Another important part of this strategy is the number of ideas you request from AI. Most people ask for ten ideas, scan the list, and move on. That approach rarely works well because ideation is inherently a numbers game. If you only generate ten ideas, you might find one or two that are useful. By asking for fifty, you dramatically increase the odds that several of them will stand out as strong concepts. 

 

This is where your own experience becomes the filter. As you read through a longer list of ideas, your instincts begin to kick in. Some ideas will immediately feel off-base or irrelevant. Others will feel overly generic. But every once in a while, one will jump out because it mirrors something you’ve personally seen happen with clients, colleagues, or customers. 

 

Those moments of recognition are exactly what you’re looking for. They signal that the idea is grounded in reality rather than theory. When you build content around those kinds of situations, your audience is far more likely to engage with it because it reflects their everyday experience. 

 

It’s also important to remember that AI is not a replacement for human judgment. ChatGPT is an incredibly useful brainstorming tool, but it is still producing suggestions based on patterns in data rather than firsthand experience in your specific niche. Just because the system generates an answer does not mean the answer is good. In fact, one of the most productive ways to use AI is simply to accelerate the brainstorming process so you can evaluate a much larger pool of ideas. 

 

Think of it as a creative partner that produces a long list of possibilities. Your job is to review that list and decide which ideas actually align with the realities of your audience. Most of the suggestions will be mediocre. Some will be completely irrelevant. But a few will stand out as ideas you know people in your industry talk about all the time. 

 

Those are the ideas worth pursuing. 

 

Once you identify a strong observable situation, turning it into content becomes significantly easier. A single real-world scenario can be expanded into multiple formats depending on your platform and strategy. For example, you might create a short video illustrating the situation, write a LinkedIn post explaining why it happens, design a visual carousel breaking down the problem, or develop a longer blog post offering solutions. 

 

Because the idea originates from a real experience rather than a generic topic, the resulting content tends to feel more authentic and more relevant.
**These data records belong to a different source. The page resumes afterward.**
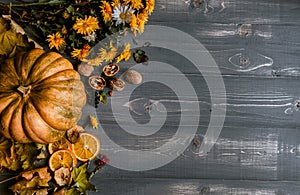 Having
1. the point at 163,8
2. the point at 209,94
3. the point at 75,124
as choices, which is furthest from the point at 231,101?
the point at 75,124

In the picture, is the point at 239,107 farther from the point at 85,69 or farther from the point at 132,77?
the point at 85,69

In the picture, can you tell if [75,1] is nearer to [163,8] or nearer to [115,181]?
[163,8]

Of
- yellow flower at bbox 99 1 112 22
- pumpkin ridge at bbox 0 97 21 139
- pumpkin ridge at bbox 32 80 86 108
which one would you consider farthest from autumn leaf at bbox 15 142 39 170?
yellow flower at bbox 99 1 112 22

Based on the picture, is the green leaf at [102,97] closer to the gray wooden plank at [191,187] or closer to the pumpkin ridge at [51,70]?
the pumpkin ridge at [51,70]

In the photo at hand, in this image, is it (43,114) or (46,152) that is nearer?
(43,114)

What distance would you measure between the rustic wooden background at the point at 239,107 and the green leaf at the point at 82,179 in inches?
2.1

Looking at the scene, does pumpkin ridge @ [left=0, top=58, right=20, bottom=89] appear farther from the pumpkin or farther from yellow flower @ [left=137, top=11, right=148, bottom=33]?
yellow flower @ [left=137, top=11, right=148, bottom=33]

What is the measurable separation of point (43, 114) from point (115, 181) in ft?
1.26

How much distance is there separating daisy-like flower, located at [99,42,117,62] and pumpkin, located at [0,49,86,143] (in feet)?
0.48

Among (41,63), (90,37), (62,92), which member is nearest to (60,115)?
(62,92)

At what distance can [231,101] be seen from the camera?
186 centimetres

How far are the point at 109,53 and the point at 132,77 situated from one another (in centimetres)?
12

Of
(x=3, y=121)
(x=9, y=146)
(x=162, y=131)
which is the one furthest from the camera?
(x=162, y=131)

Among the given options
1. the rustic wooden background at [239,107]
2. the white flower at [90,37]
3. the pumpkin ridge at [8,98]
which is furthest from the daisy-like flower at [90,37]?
the pumpkin ridge at [8,98] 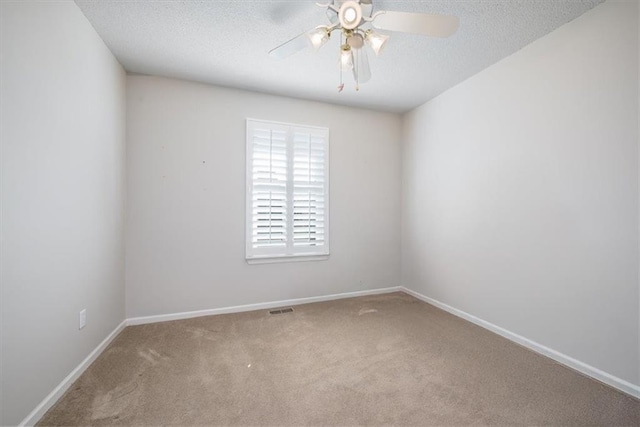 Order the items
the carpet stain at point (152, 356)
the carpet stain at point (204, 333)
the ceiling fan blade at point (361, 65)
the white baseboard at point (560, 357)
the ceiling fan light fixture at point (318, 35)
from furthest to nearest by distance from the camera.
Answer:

That authenticity is one of the primary reasons certain pieces of content gain traction while others fade into the background. 

 

Ultimately, the effectiveness of AI in content marketing comes down to how well you frame your prompts. If you rely on vague requests like “give me viral ideas,” you will continue to receive broad, uninspired suggestions. But when you ask AI to surface specific, observable situations that your audience deals with regularly, you provide it with the structure it needs to generate far more useful material. 

 

In other words, the key to better AI-generated content ideas isn’t asking for viral topics. It’s asking for reality.